▶ INSTRUCTIONS FOR THE TASK
Only the lines below between the one holding "Операционная система Windows" and the one holding "尾盘买入第二天必涨选股法(尾", inclusive, are to be reproduced word for word; the pictures are to be left out.

━━━━━ DATA FOR THIS EXERCISE ━━━━━

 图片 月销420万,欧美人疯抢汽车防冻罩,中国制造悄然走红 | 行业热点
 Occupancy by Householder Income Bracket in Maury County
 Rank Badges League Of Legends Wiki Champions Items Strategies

━━━━━
━━━━━ DATA FOR THIS EXERCISE ━━━━━

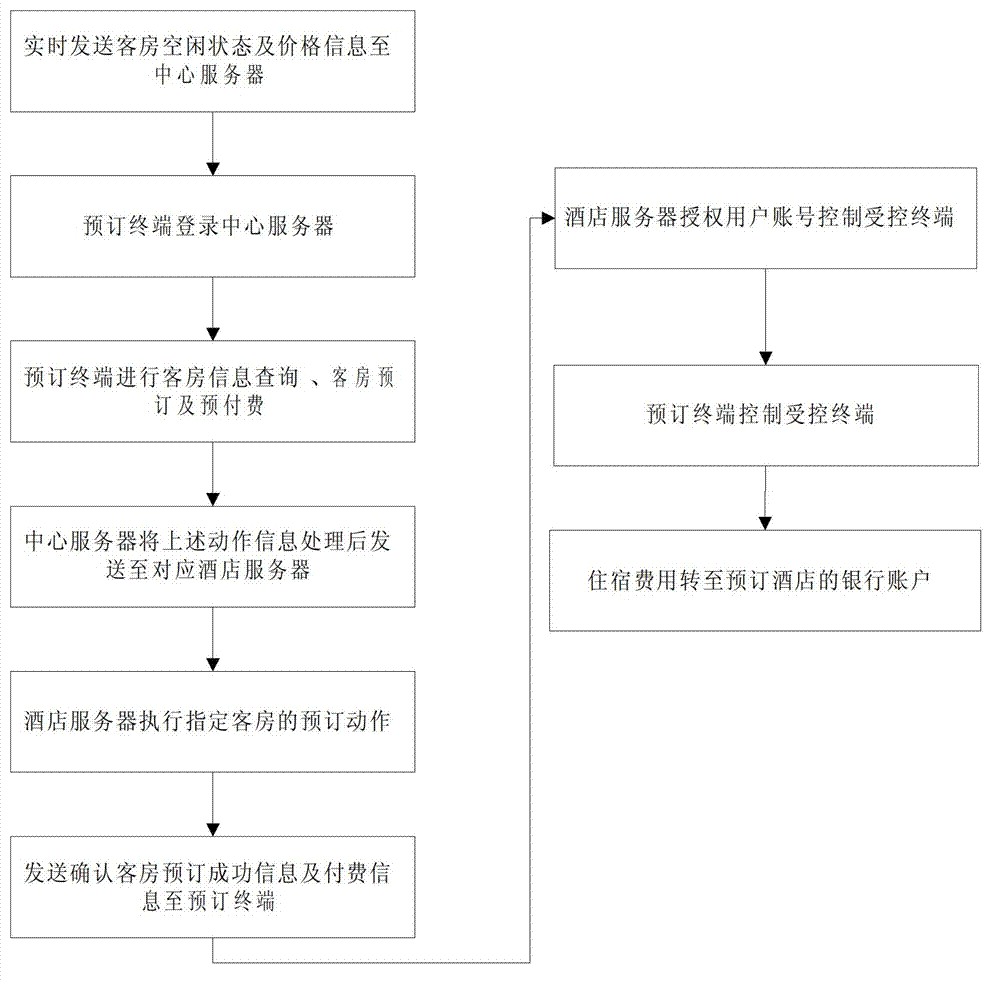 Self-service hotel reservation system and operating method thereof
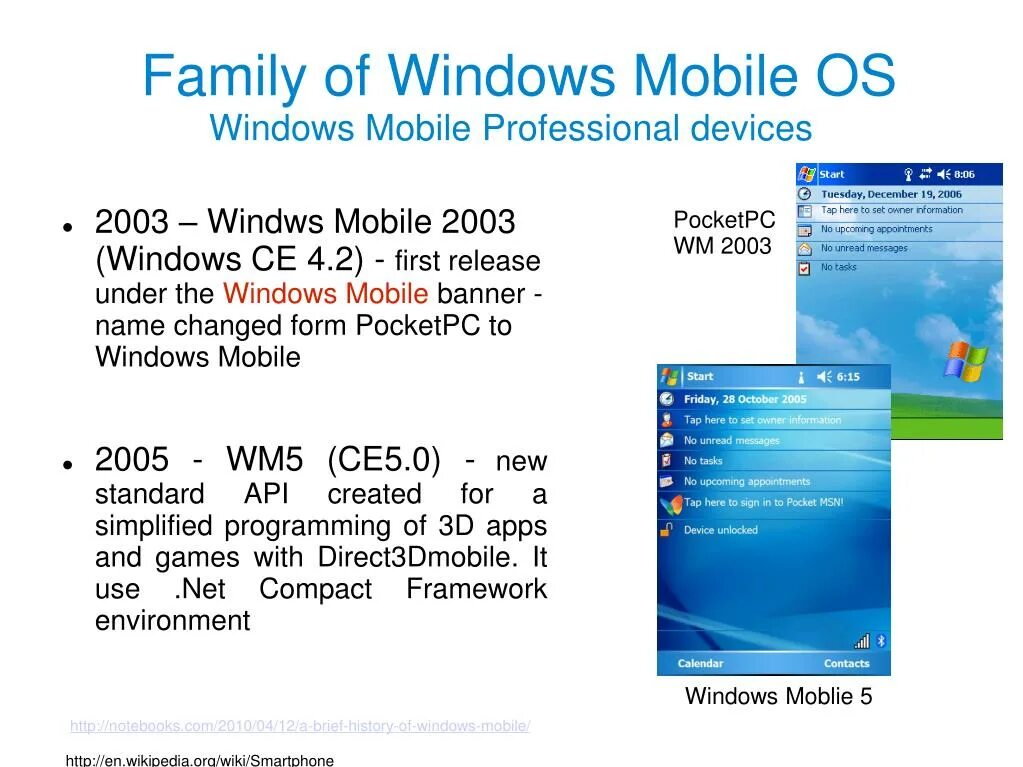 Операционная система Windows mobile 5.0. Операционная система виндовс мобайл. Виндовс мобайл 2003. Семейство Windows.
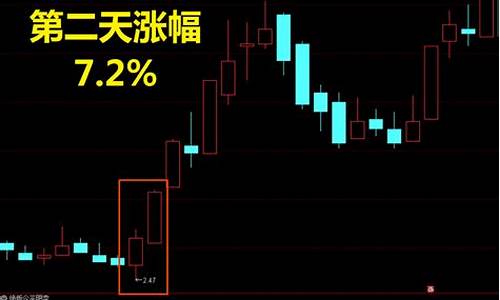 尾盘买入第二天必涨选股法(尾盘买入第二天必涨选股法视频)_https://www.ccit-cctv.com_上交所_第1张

━━━━━
━━━━━ DATA FOR THIS EXERCISE ━━━━━

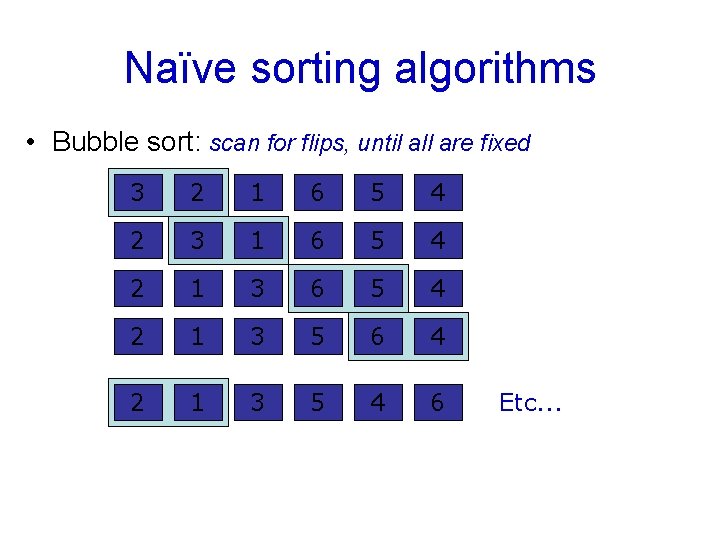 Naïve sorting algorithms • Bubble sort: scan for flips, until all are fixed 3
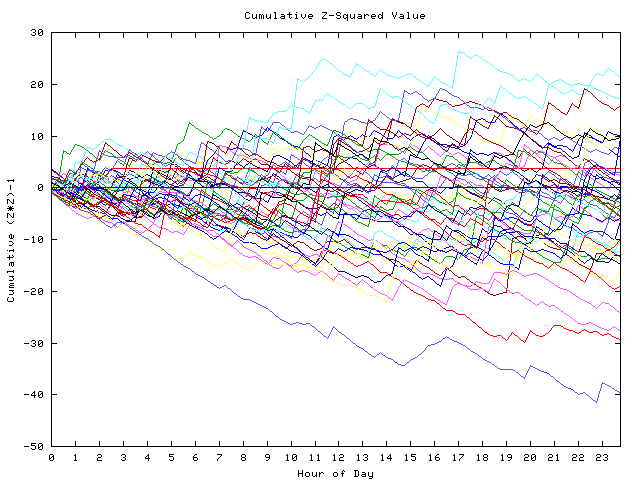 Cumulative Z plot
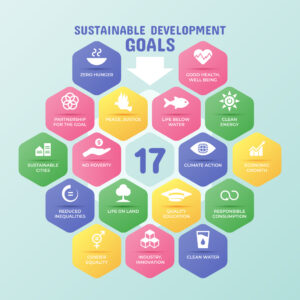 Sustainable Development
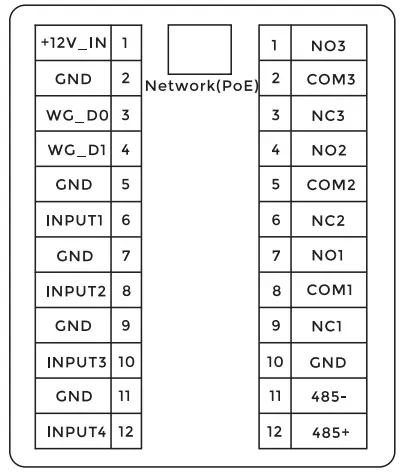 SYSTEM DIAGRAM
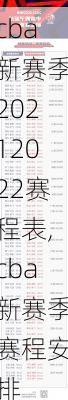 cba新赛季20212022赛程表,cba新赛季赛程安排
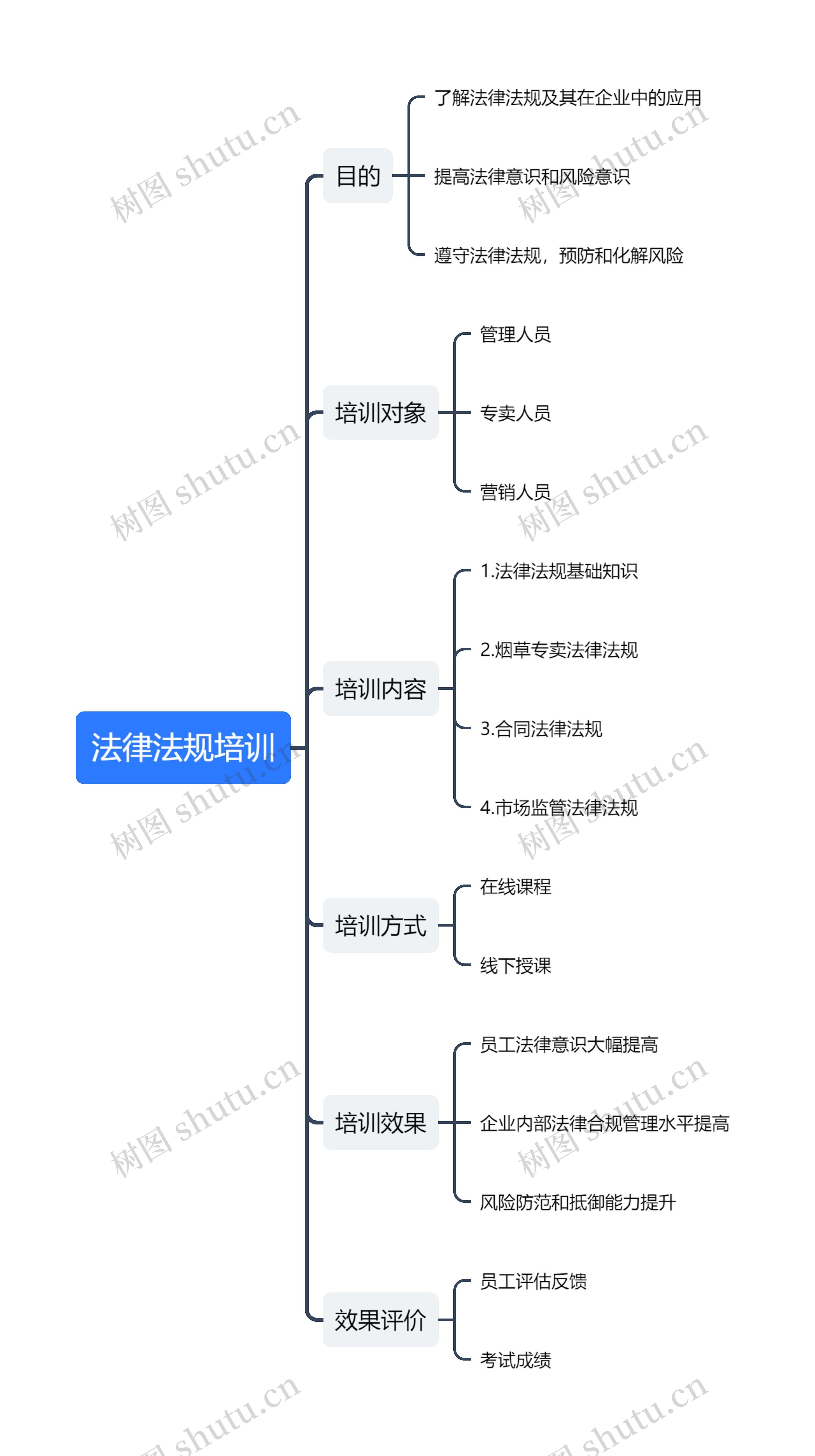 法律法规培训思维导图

━━━━━

▶ EXERCISE OUTPUT
 Операционная система Windows mobile 5.0. Операционная система виндовс мобайл. Виндовс мобайл 2003. Семейство Windows.
 尾盘买入第二天必涨选股法(尾盘买入第二天必涨选股法视频)_https://www.ccit-cctv.com_上交所_第1张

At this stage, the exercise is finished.